Camille Claudel a 18 ans lorsqu’elle rencontre pour la première fois, en 1882, Auguste Rodin.

Deux ans plus tard, Camille se rapproche d’Auguste en intégrant son atelier.

Elle rejoint ainsi le groupe des élèves et des assistants fidèles et attentifs. Pas en intruse !

En disciple, disciplinée et sans ruse.

Elle claudique, car un léger handicap de naissance l’aboituse.

Jamais il ne s’en amuse.

Leurs ciseaux s’entrecroisent, de façon diffuse.

Elle a du génie. Peut-être il en abuse.

Rapidement, elle devient sa muse.

Elle l’inspire, l’étonne par ses facilités, ses capacités, sa dextérité.

Leurs sentiments infusent.

En 1886, il lui écrit : « Je n'en puis plus, je ne puis plus passer un jour sans te voir. Sinon l'atroce folie. C'est fini, je ne travaille plus, divinité malfaisante, et pourtant je t'aime avec fureur. Ma Camille sois assurée que je n'ai aucune femme en amitié, et toute mon âme t'appartient. »

Ils se nourrissent de leur virtuosité mutuelle. On ne sait si le plus âgé épie la plus jeune. Peut-être…

Il sculpte le visage de l’égérie. Elle devient Marianne, la France… Les compliments fusent.

Voilà la Nation représentée sous les traits de la jeune Picarde née aux Portes de la Champagne.

Elle sculpte avec une rare virtuosité le visage de son pygmalion. Il ne dit pas s’il l’apprécie ou le récuse.

Ce remarquable visage, reproduit dans un style naturaliste, sera plus tard le modèle exposé partout dans le monde lors d’évènements liés à l’œuvre de Rodin.

Le critique d’art Octave Mirbeau est sous le charme. Il écrit : « … nous voilà en présence de quelque chose d’unique, une révolte de la nature : la femme de génie ! ».

Un jour, le maître s’éloigne, sans regret ni excuse.

Elle réalise alors une œuvre monumentale, Persée et Gorgone, se représentant sous les traits de Méduse.

Méduse, qui tue d’un regard. La seule mortelle des trois sœurs Gorgone. Décapitée par Persée, fils de Zeus, offrant sa tête à Athéna, qui a son temple à Syracuse.

Elle aimerait bien conserver Auguste, mais l’amant lui préfère Rose. Il refuse.

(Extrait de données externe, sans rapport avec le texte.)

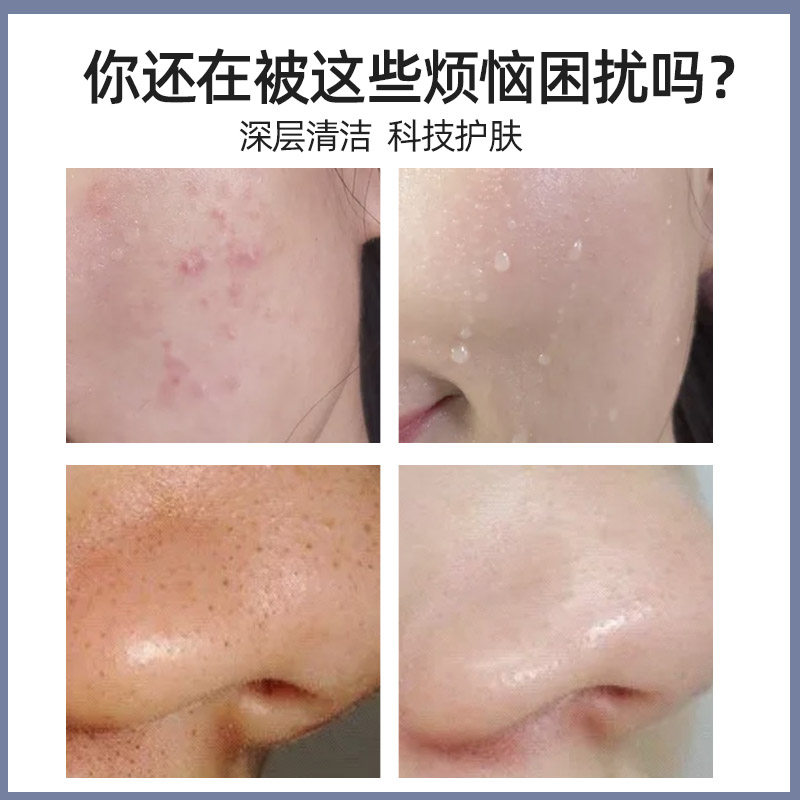 韩俪娅六代氢氧大气泡面部清洁注氧 韩俪娅电子美容仪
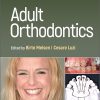 Adult Orthodontics 2nd Edition-Original PDF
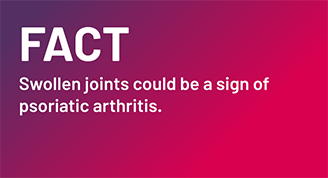 Fact - Swollen joints could be a sign of psoriatic arthritis.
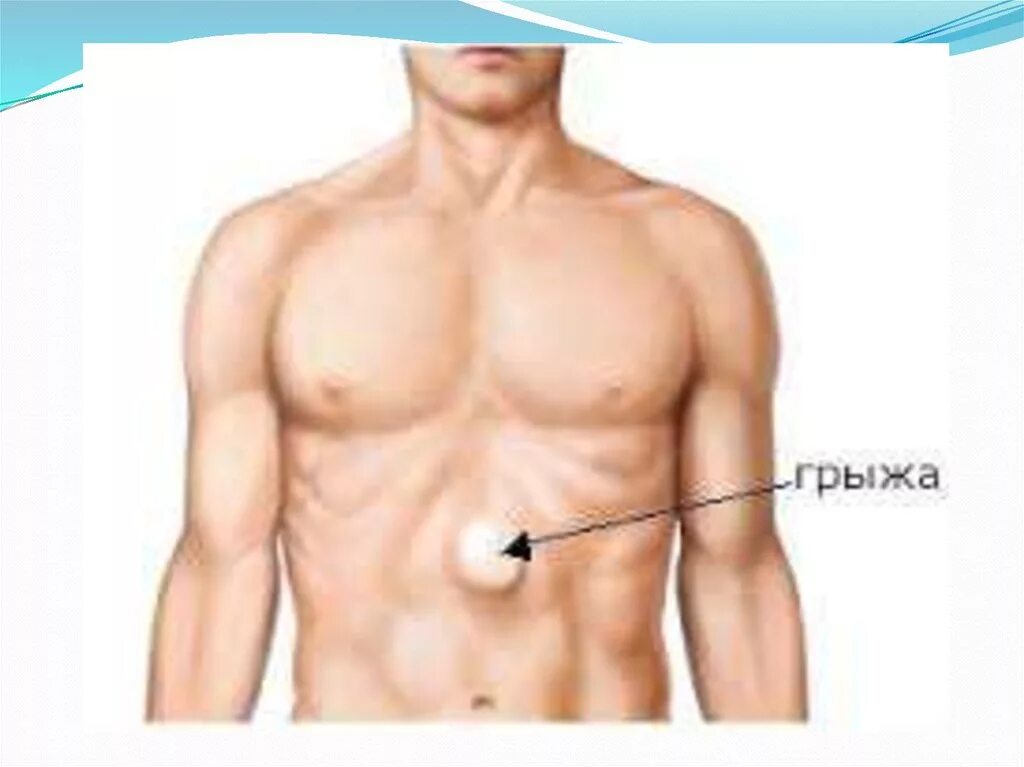 Грыжа под ребрами. Грыжа белой линии живота. Грыжа белойтлинии живота.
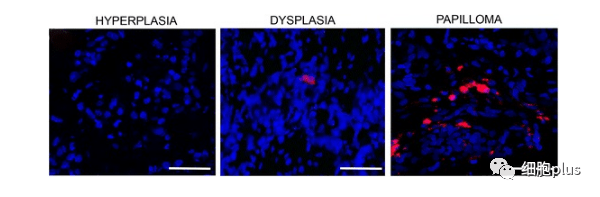 4?全身注射同種異體間充質干細胞很少進入癌前病變 4?全身注射同種異體間充質干細胞很少進入癌前病變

Alors, de tous les maux elle l’accuse.

Elle ne se lave plus, ne change plus de vêtements. Elle les use.

Elle réalise une sculpture intitulée « L’âge mûr » où elle figure en « implorante », qui inspirera à son frère Paul ces mots : « Ma sœur Camille. Implorante, humiliée, à genoux, cette superbe, cette orgueilleuse, c'est ainsi qu'elle s'est représentée. Implorante, humiliée, à genoux, et nue ! Tout est fini ! ».

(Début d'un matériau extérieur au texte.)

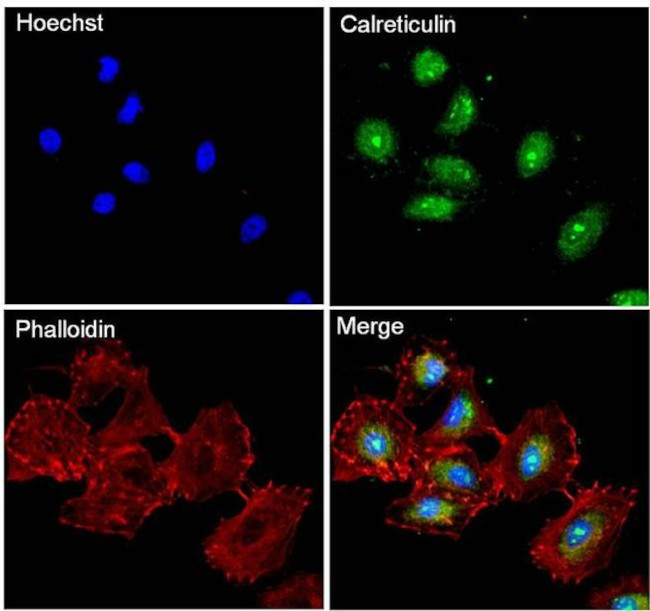 Calreticulin Antibody in Immunocytochemistry (ICC/IF)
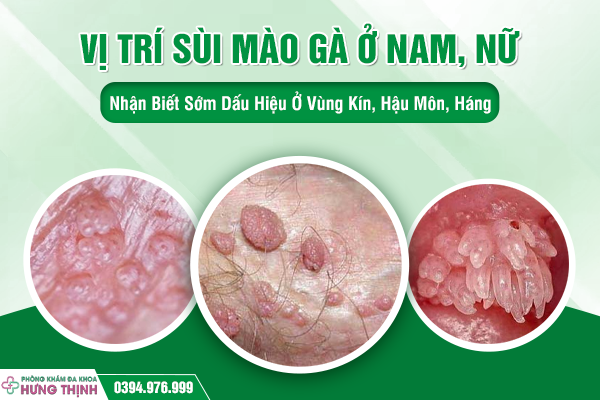 Vị Trí Sùi Mào Gà Ở Nam, Nữ: Nhận Biết Sớm Dấu Hiệu Ở Vùng Kín, Hậu Môn, Háng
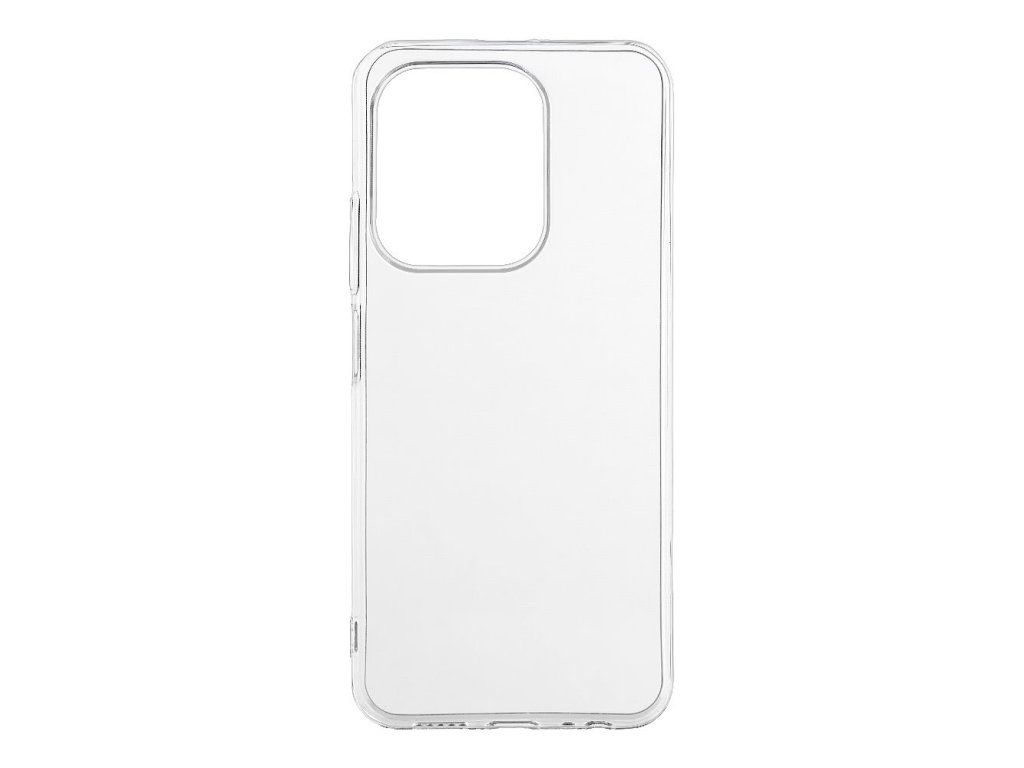 TPU kryt pre Xiaomi Redmi 17C 5G, OBAL:ME, Transparentný – detail 1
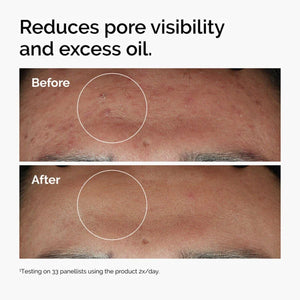 The Ordinary Niacinamide 10% + Zinc 1% 30 ml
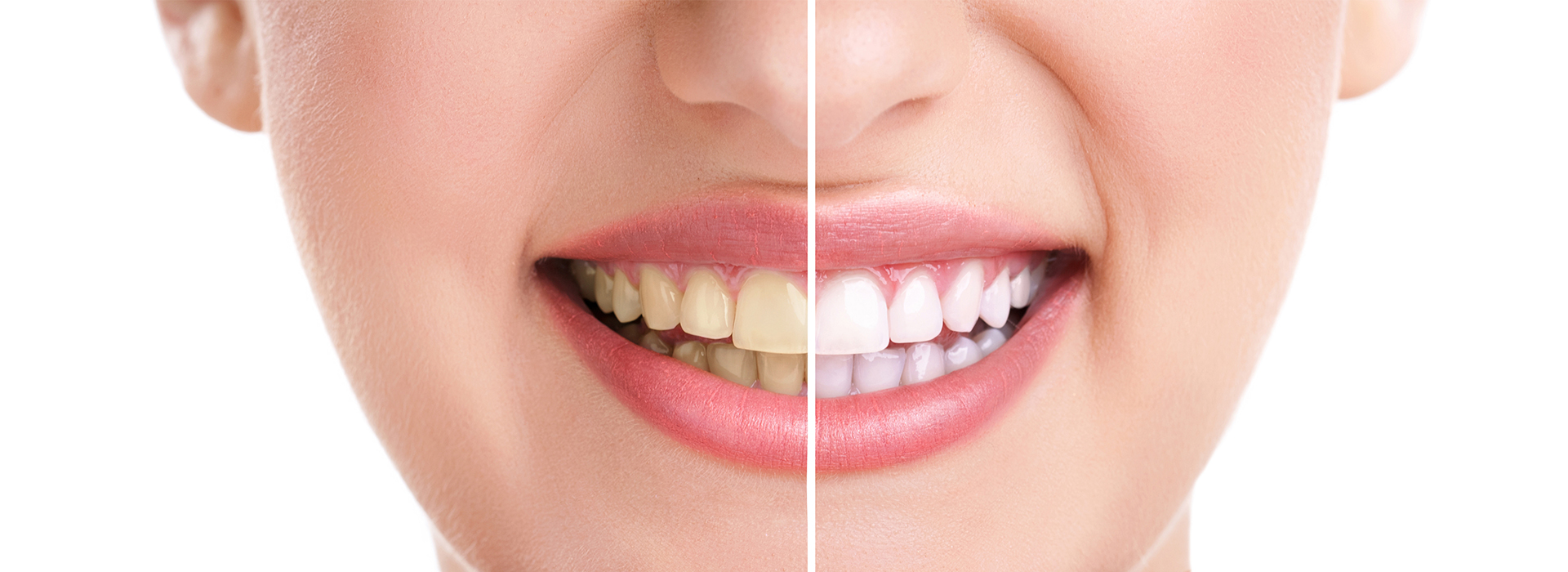The image shows a close-up of a person s face with a focus on their teeth and lips, highlighting a cosmetic dental procedure before and after comparison.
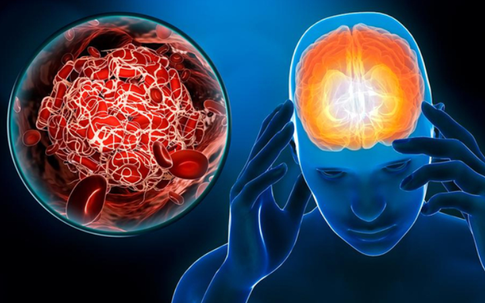 Đột quỵ và hội chứng ‘ngồi lâu’: Nguy hiểm hơn bạn tưởng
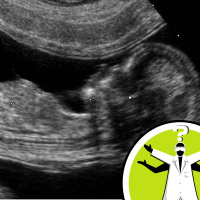 How do cells know what they will be when they grow up?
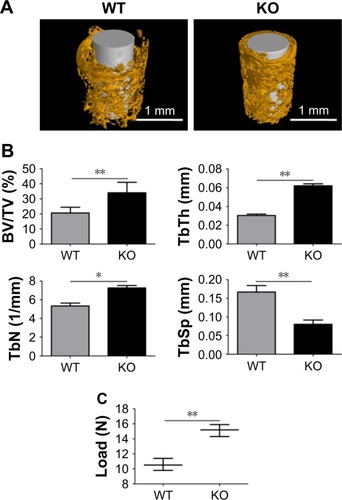 Figure 8 The effects of M1 polarization blocking on nanotopography-mediated osseointegration.Notes: The titanium implants with the NT-100 surface were inserted in the femurs of WT mice and Cre*RBP-Jfl/fl (KO) mice of which the M1 macrophage polarization was blocked. Then, WT mice and KO mice were allowed to heal for 3 weeks. (A) Micro-computed tomography analysis of osteogenesis around the implants in WT mice and KO mice. (B) The ratio of BV/TV, TbTh, TbN, and TbSp in the region of interest of WT mice and KO mice were analyzed. (C) Analysis of push-in resistance of implants in WT mice and KO mice. Means were compared with one-way analysis of variance combined with Bonferroni’s post-hoc test. *p<0.05; **p<0.01.Abbreviations: BV/TV, bone volume to total volume; KO, knockout; NT-30, titanium nanotube anodized under 5 V; NT-100, titanium nanotube anodized under 20 V; TbN, trabecular thickness; TbSp, trabecular separation; TbTh, trabecular thickness; WT, wild-type.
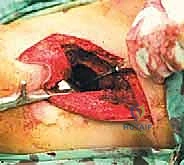 تقييم الألم والأعراض الحركية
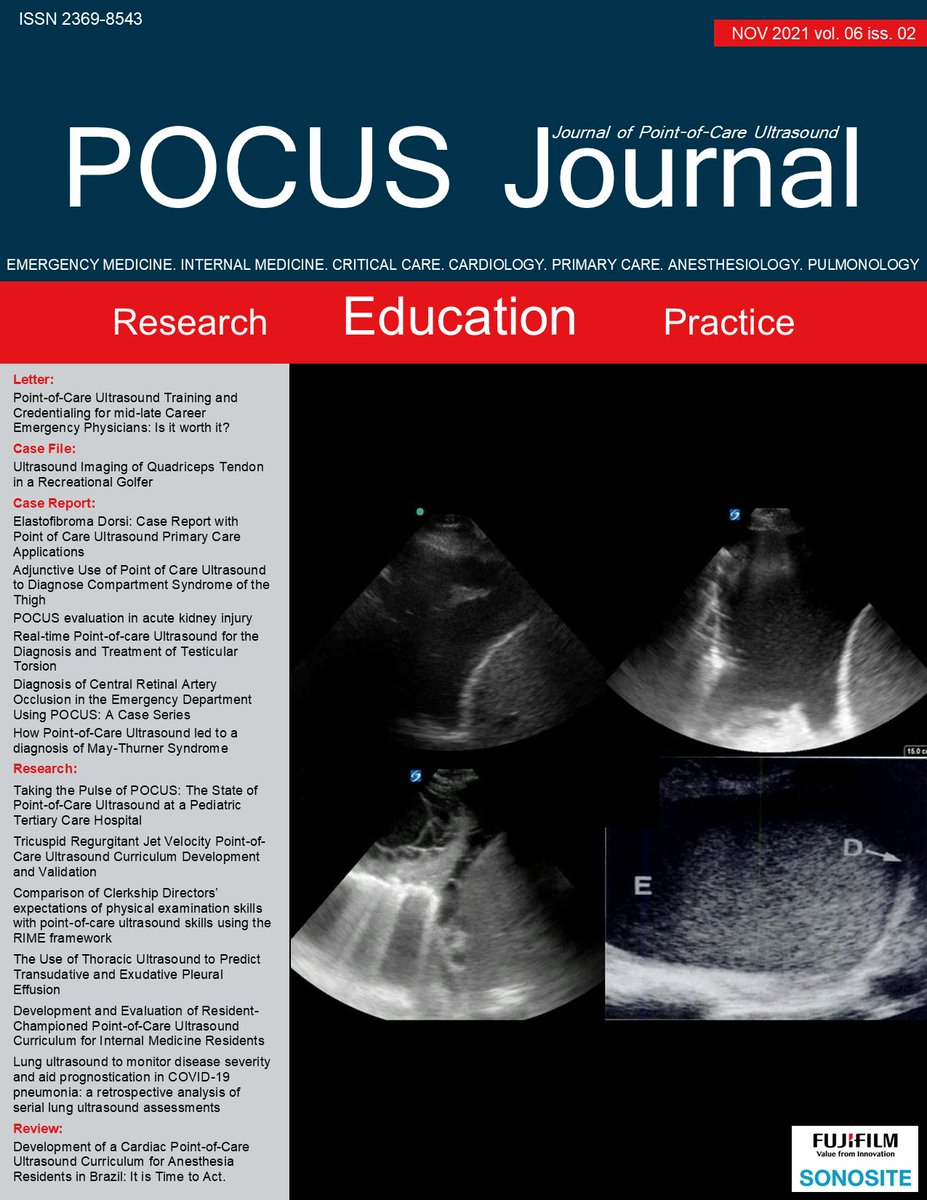 POCUS Journal Vol 6 Iss 2 is now available online! Read it here: pocusjournal.com/issue/vol-06-i… #POCUSJournal #POCUS #FOAMed @amerjohri @DrGalenMD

Les verres d’alcool, sans doute elle les écluse.

Certains journalistes l’abandonnent dans leurs critiques. Celui de la Chronique des Arts écrit le 9 novembre 1907, avec une incroyable absence de perspicacité : « Mlle Claudel est romantique. Elle immole la forme sur l’autel de l’expression… Elle demande à la matière de signifier tant de choses, que celle-ci fait des grimaces au lieu de faire de la beauté. Ces anatomies déchiquetées, cette sculpture inégale, ampoulée, tourmentée, cérébrale, causent des grincements de dents plutôt qu’une satisfaction esthétique… ».

En 1909, atteinte de délires, elle exprime sa haine de celui qui pour elle avait été plus qu’un Céladon, dénonçant, pêle-mêle, les « copains » de Rodin, les huguenots, les francs-maçons ; elle gribouille qu’elle se trouve « dans la position d’un chou qui est mangé par les chenilles ».

Elle finit recluse. Chez elle d’abord. Dans un asile ensuite. Définitivement recluse !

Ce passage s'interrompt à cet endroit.